This question has never been decided in this state. It has, however, arisen in other states and in England, and has been so intermingled with the different one of the corporate liability of eleemosynary corporations for their own corporate negligence that the review we make of cases illustrating the treatment the subject has received from other courts will necessarily include some cases bearing more directly on the latter question.

The question arose in England in 1824, in the court of common pleas, in the case of Hall v. Smith, 2 Bing. 156. Commissioners for the town of Birmingham ordered a tunnel through a public street The surveyor and contractor appointed by them to build it failed to put up guard rails or to provide lights. The court held that the commissioners were not liable,—not because such a corporation or quasi corporation for public purposes was not liable for its negligence; not because the surveyor and contractor were not the servants of the corporation (the early case of Bush v. Steinman, 1 Bos. & P. 404, had not then been overruled); but because the rule of respondeat superior did not apply. Best, C. J., said: "The maxim of respondeat superior is bottomed on the principle that he who expects to derive advantage from an act which is done by another for him must answer for any injury which a third person may sustain from it." And so the reason of the rule does not apply to trustees for public purposes, acting according to their best judgment and with the best advice.

In 1839, Duncan v. Findlater, 6 Clark & P. 894, was decided by the house of lords. It was a Scotch case,—an action against the trustees of a turnpike road for injuries caused by the negligence of a surveyor appointed by them. The only question actually decided in this case was that the trustees were not liable for an injury caused by the neglect of a person not standing in the relation of a servant to the trustees. But the language of Lord Cottenham went further, and stated the principle that unpaid trustees for public purposes can in no case be liable in their corporate or quasi corporate capacity. This statement was rejected in subsequent cases, and in Trustees, etc., v. Gibbs, L. R. 1 H. L. 93, was distinctly held unfounded in law.

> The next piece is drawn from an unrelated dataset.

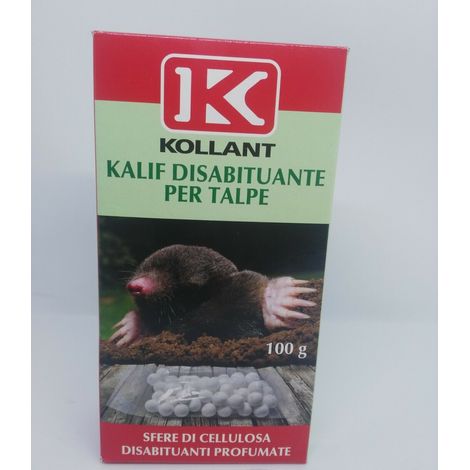 KALIF DISABITUANTE PER TALPE E ARVICOLE 100GR (1/4)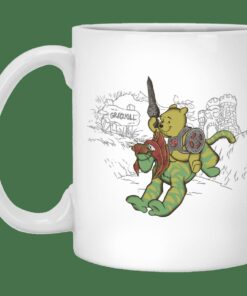 Poohwah of Grayzkull Mug Gifts for Friends, Gifts for Valentine Day, Coulpe Gifts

The same year Parnaby v. Canal Co., 11 Adol. & E. 223, was decided, and held that when a statute of incorporation authorized a company to construct a canal, and did not in special terms impose any duty in reference to its use, the general law imposed upon the company the duty to use reasonable care in making navigation secure. The case is pertinent only because it defines the principle of implied corporate duty corresponding to granted corporate powers, which principle subsequent cases hold applicable to powers granted to trustees for public purposes and corporations for charitable purposes, as well as to corporations organized for profit.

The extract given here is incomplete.